§ WORK INSTRUCTIONS
In the records that follow, find the line containing "صحيات عدد (2)" and the line containing "Toyota Levin 2017 — фото 5", then transcribe both and every line between them exactly, omitting pictures.

(Beginning of DATASET RECORDS)

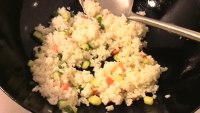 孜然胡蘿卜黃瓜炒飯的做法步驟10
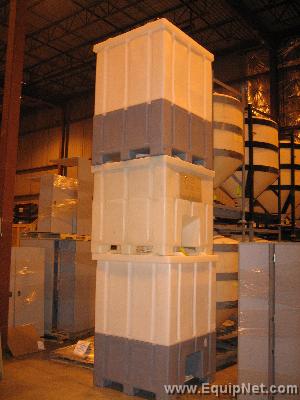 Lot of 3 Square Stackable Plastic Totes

(End of DATASET RECORDS)
(Beginning of DATASET RECORDS)

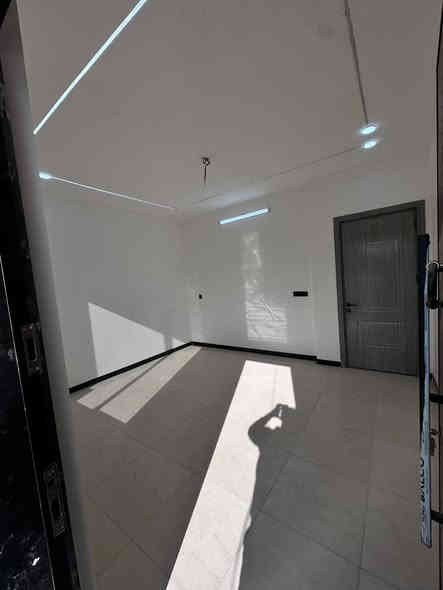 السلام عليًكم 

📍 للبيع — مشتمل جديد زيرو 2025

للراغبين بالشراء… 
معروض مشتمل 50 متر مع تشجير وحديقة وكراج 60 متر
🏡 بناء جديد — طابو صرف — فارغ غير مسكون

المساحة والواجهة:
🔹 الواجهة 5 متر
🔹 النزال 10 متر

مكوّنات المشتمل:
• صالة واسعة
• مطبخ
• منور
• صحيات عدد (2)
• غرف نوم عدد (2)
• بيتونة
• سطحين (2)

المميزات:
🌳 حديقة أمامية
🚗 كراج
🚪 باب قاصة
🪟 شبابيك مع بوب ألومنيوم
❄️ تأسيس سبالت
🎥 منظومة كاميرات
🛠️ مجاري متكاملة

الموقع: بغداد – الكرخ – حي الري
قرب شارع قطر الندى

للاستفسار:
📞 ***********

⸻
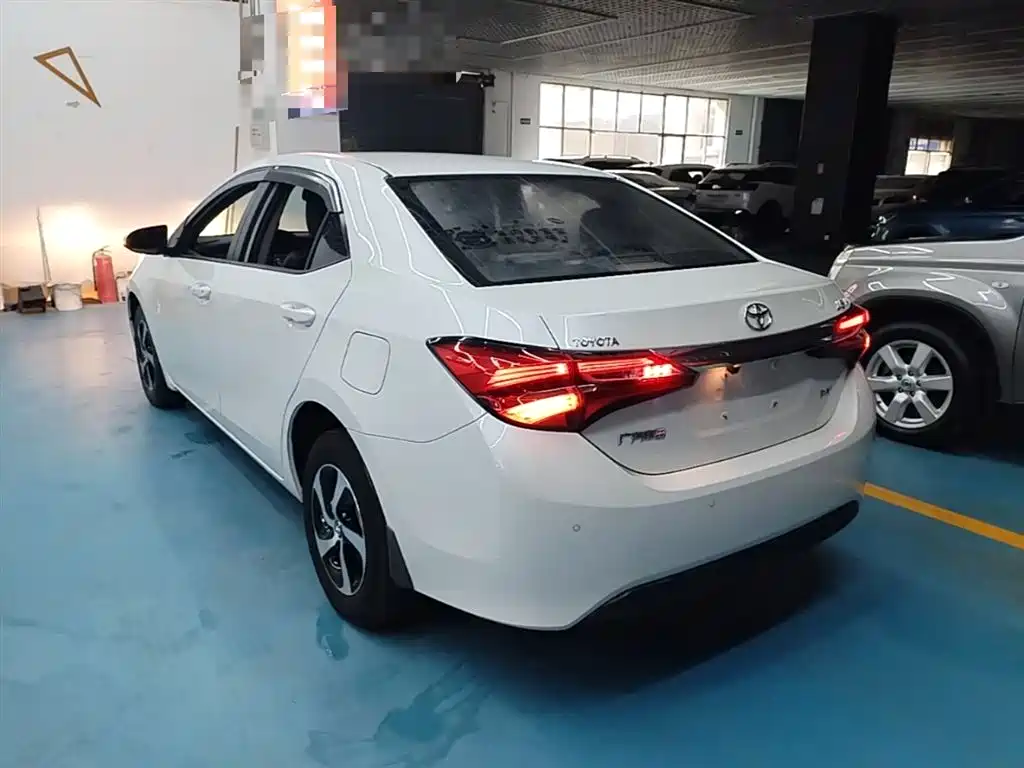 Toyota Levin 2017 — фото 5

(End of DATASET RECORDS)

§ RESPONSE AREA
• صحيات عدد (2)
• غرف نوم عدد (2)
• بيتونة
• سطحين (2)

المميزات:
🌳 حديقة أمامية
🚗 كراج
🚪 باب قاصة
🪟 شبابيك مع بوب ألومنيوم
❄️ تأسيس سبالت
🎥 منظومة كاميرات
🛠️ مجاري متكاملة

الموقع: بغداد – الكرخ – حي الري
قرب شارع قطر الندى

للاستفسار:
📞 ***********

⸻
 Toyota Levin 2017 — фото 5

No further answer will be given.